_What the exercise asks:_ Look below for the line that contains "6x Universal Car" and the line that contains "Školní batoh Air Jordan White + penál - 9B0503-001 Školní", then restate both of them and every line in between, exactly. No picture goes in the copy.

═══ Exercise data

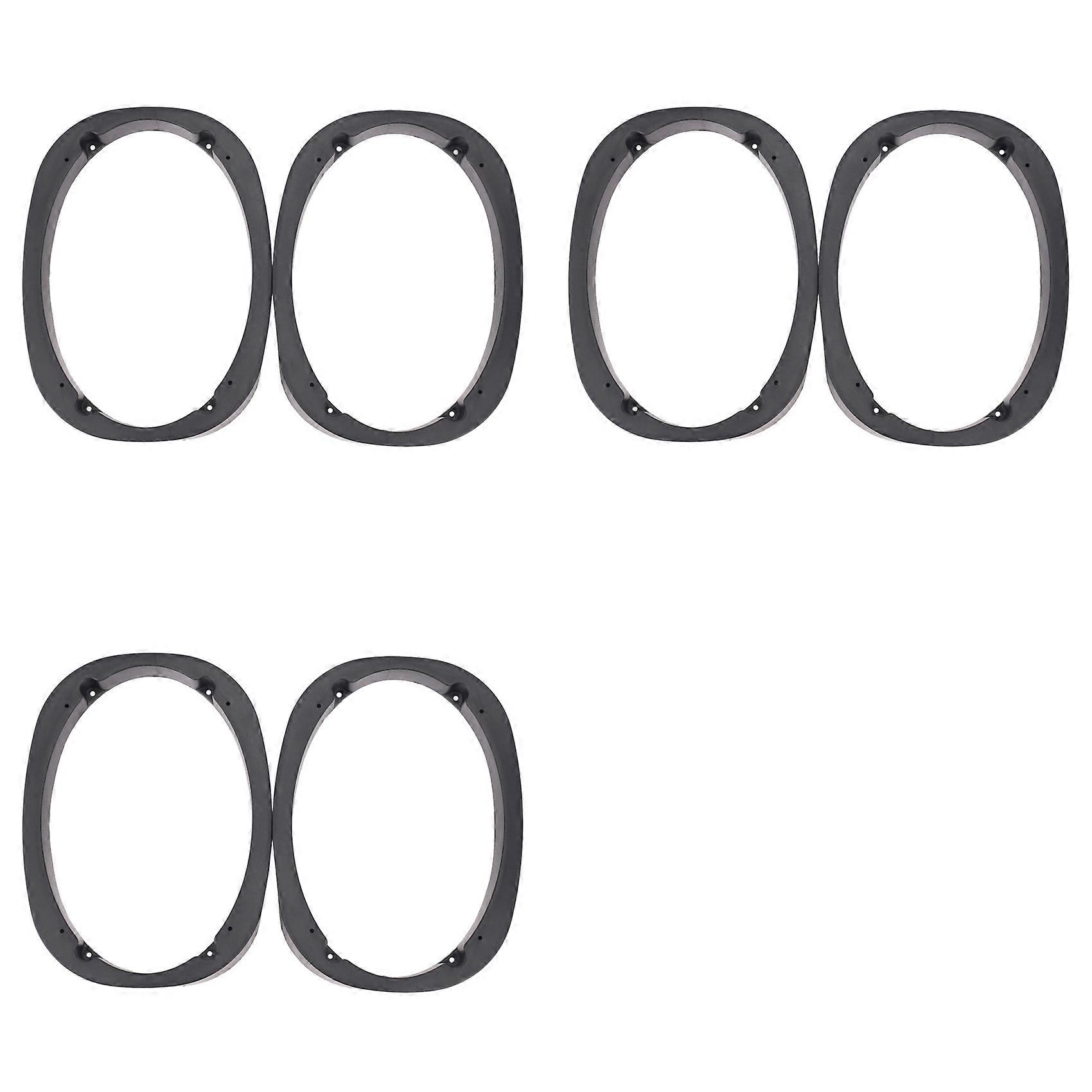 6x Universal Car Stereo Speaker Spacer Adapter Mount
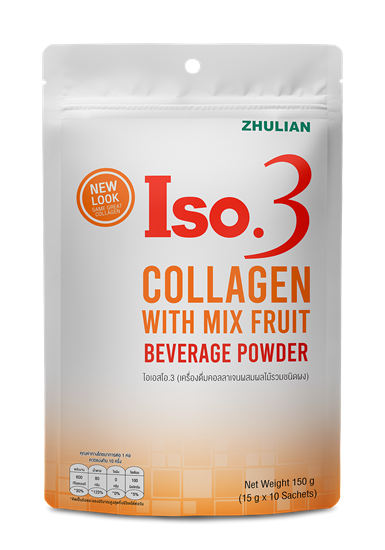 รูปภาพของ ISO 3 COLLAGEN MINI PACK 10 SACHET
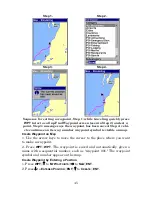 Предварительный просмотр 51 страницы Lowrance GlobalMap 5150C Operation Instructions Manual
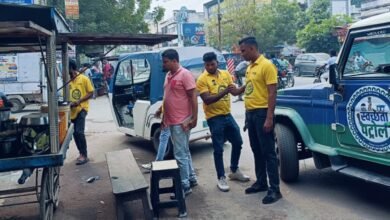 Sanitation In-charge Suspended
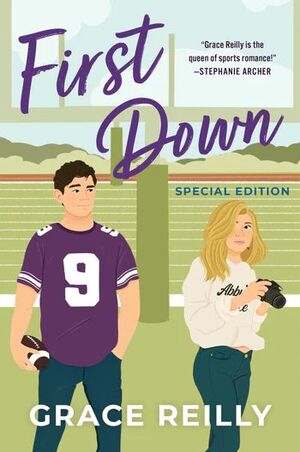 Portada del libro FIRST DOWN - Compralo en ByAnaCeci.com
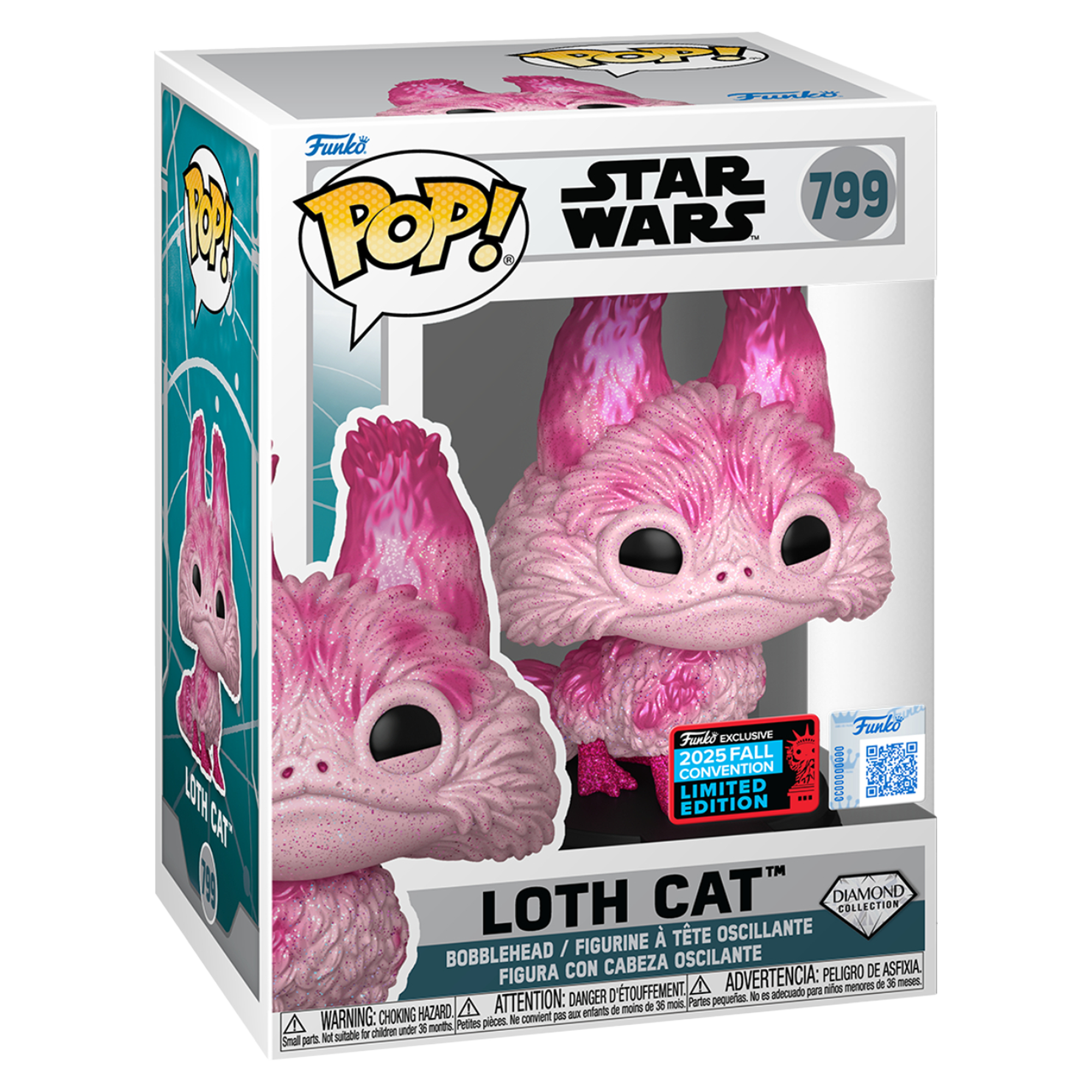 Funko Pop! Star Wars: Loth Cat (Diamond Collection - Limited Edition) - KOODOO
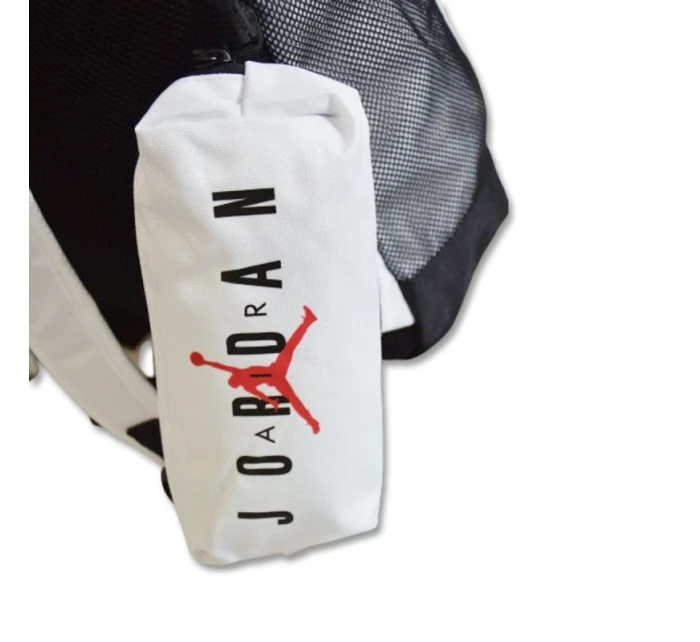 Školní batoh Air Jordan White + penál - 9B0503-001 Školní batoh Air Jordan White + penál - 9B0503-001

══════
═══ Exercise data

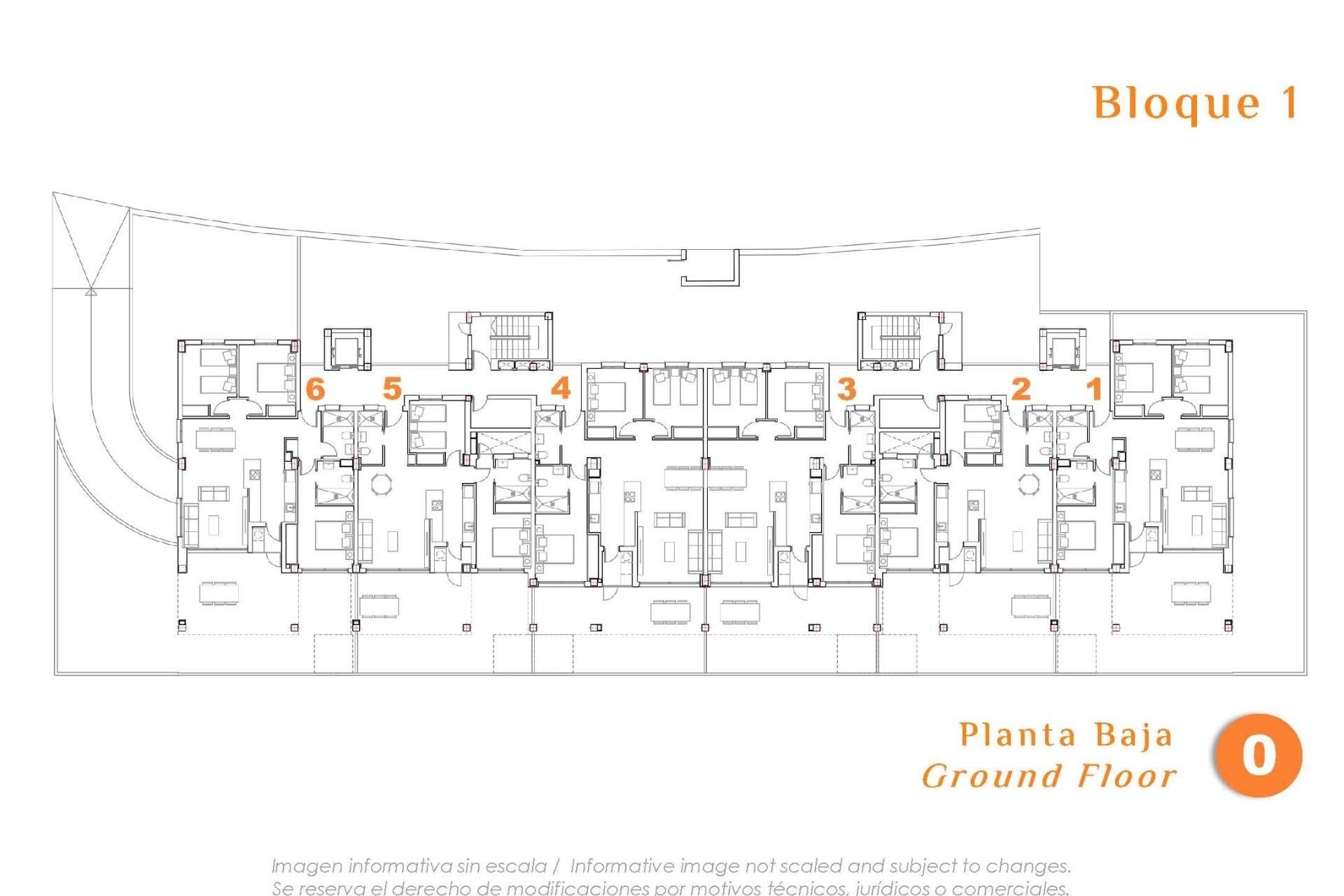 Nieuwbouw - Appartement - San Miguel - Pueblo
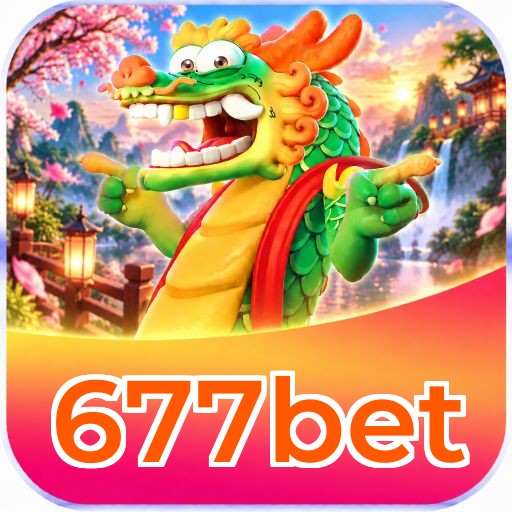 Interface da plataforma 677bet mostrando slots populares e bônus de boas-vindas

══════
═══ Exercise data

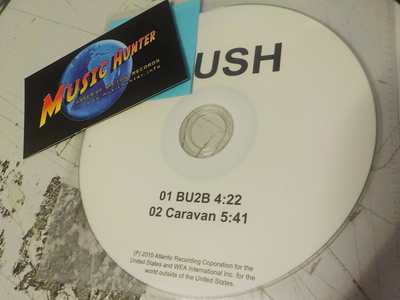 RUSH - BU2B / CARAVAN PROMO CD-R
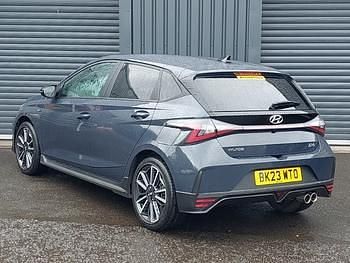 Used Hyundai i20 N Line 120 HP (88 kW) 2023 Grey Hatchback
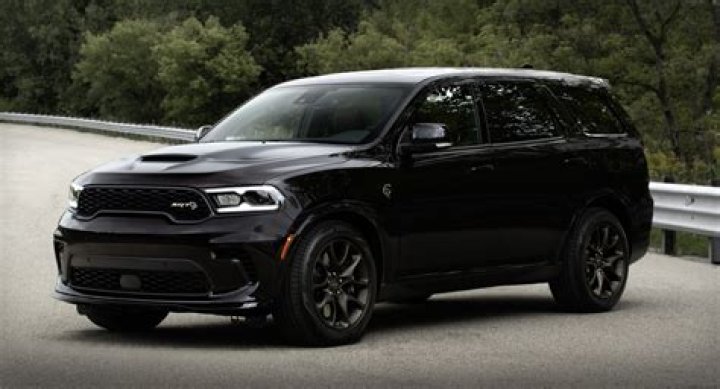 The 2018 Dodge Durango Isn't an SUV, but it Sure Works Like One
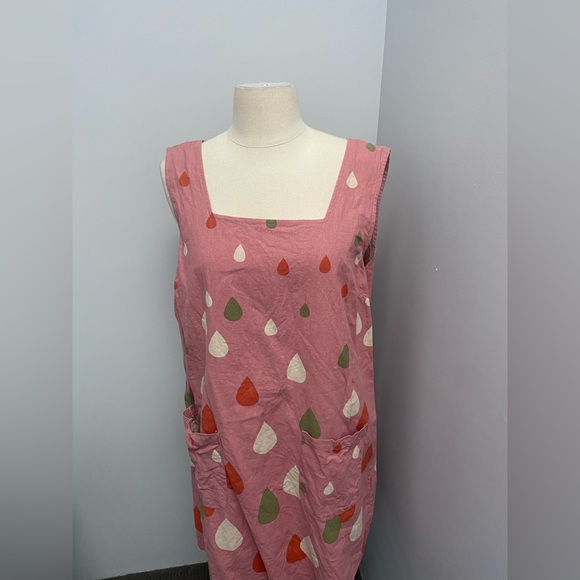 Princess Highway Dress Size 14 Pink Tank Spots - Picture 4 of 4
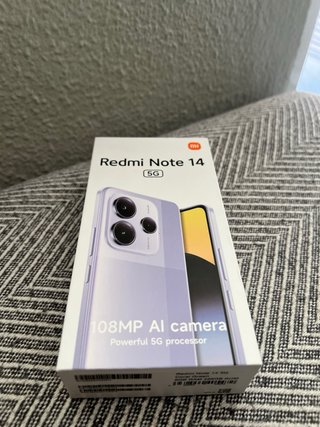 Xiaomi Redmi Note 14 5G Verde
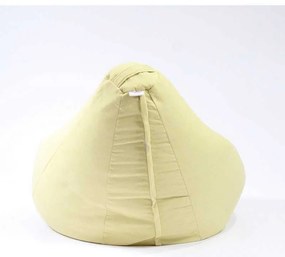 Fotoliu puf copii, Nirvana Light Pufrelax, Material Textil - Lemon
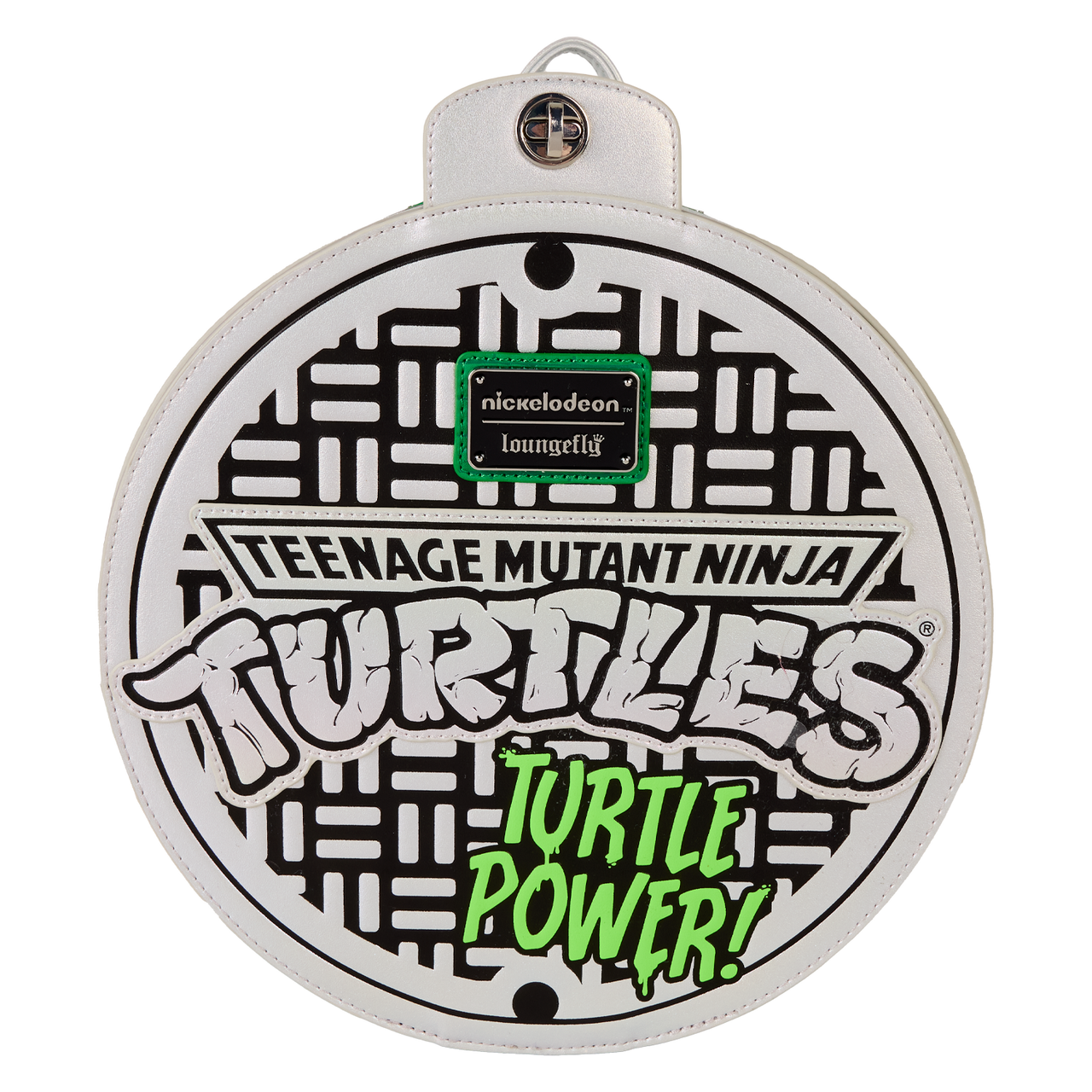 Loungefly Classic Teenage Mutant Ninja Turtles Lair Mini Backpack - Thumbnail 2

══════

_Exercise answer:_
 6x Universal Car Stereo Speaker Spacer Adapter Mount
 รูปภาพของ ISO 3 COLLAGEN MINI PACK 10 SACHET
 Предварительный просмотр 51 страницы Lowrance GlobalMap 5150C Operation Instructions Manual
 Sanitation In-charge Suspended
 Portada del libro FIRST DOWN - Compralo en ByAnaCeci.com
 Funko Pop! Star Wars: Loth Cat (Diamond Collection - Limited Edition) - KOODOO
 Školní batoh Air Jordan White + penál - 9B0503-001 Školní batoh Air Jordan White + penál - 9B0503-001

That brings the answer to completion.